The second type of wilaya is specific to the wayfarers who have arrived at the station of subsistence after their annihilation in the Real. The annihilation that precedes the station of subsistence is the removal of the attributes of contingency and does not refer to absolute non-being. Subsistence after annihilation is through the existential acquisition of divine attributes, as in the hadith, "Adorn yourselves with the divine attributes." As mentioned earlier, this annihilation is not only noetic but existential as well, since there is an actual transformation in the visible aspect of the wayfarer due to the overpowering effect of his spirit. Qaysari illustrates this point with the analogy of a piece of coal that is adjacent to a fire. Initially coal is different from fire in all of its properties. However, its inherent receptivity for acquiring the properties of fire in addition to proximity to the fire itself brings about a complete transformation of the outer form of the coal. Were it not for the aspect of inherent similarity between the essence of the coal and the essence of the fire, it would not have been able to transform itself completely. Similarly, the wayfarer possesses an aspect of separation and an aspect of unity between himself and God. It is when he orients himself completely to the divine presence, thereby gaining proximity to the Real, that he acquires the properties of divinity and sheds the properties of contingency. Thus, the aspect of separation and individuation no longer remains.

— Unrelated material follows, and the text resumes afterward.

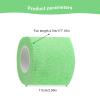 VideoPUP 15pcs Tattoo Grip Tape Phosphor Green, 2.95"x 5Yards Disposable Cohesive Tattoo Grip Cover Wrap Elastic Bandage Handle Grip Tube for Tattoo Machine Tattoo Grip Accessories view 2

Qaysari writes that annihilation of the absolute wall" is because of the orientation to the Real due to essential love. Mulla Hadi Sabzawari also expresses a parallel notion in Sha’h al-asma describing the two types of wayfarers. Just as there are two types of wilaya, there are two types of wayfaring, that which is initiated by the Beloved, and that which is initiated by the lovers. The first type is one in which the wayfarer attains God such that he arrives without effort, struggle, discipline, piety, or guidance of a master. It is sheer divine providence and essential primordial guidance alluded to by the Quran in the verse, "Those to whom there has gone beforehand the best reward from Us" (Anbiya': 101). The second type of wayfaring is that in which attainment of God is based on personal effort, struggle, discipline, abstention, piety, and the guidance of a master, alluded to by the verse, "As for those who strive in Us, We shall surely guide them in Our ways" (Ankabut: 69). As for the first category of wayfarers, it consists of the lovers among the prophets, saints and their followers who are distinguished by their primordial truthfulness and complete sincerity. Their attainment of God is without effort and cause; rather it is the result of complete divine bestowal, succor and the Essential Will before the creation of the world and everything within it, as referred to by the verse, "Their Lord will give them to drink, a pure drink." Imam Ali further describes those saints in his statement:

Verily God Almighty has a wine for His friends (awliya), so that when they drink it, they become intoxicated; when they become intoxicated, they delight; when they delight, they melt away; when they melt away, they become pure; when they become pure, they seek; when they seek, they find; when they find, they attain; when they attain they unite, so when they unite, there remains no difference between them and their Beloved."

The first type of wayfarers are the prophets and divinely appointed saints (awliya'), who possess a primordial nearness to God based on their essential ontological capacity, and who are the individuations of the absolute wilaya of God. In Shi'ism, the divinely appointed saints are the twelve Imams who possess infallibility and are the inheritors of the absolute wilaya of the Prophet (peace and blessing be upon him). This is because absolute wilaya is the inner aspect and the reality of prophethood which extends through these individuals until it reaches the Twelfth Imam, the Master of the Age. Wilaya is more comprehensive than prophethood since it includes both prophets and saints and is a manifestation of the divine name al-Wali.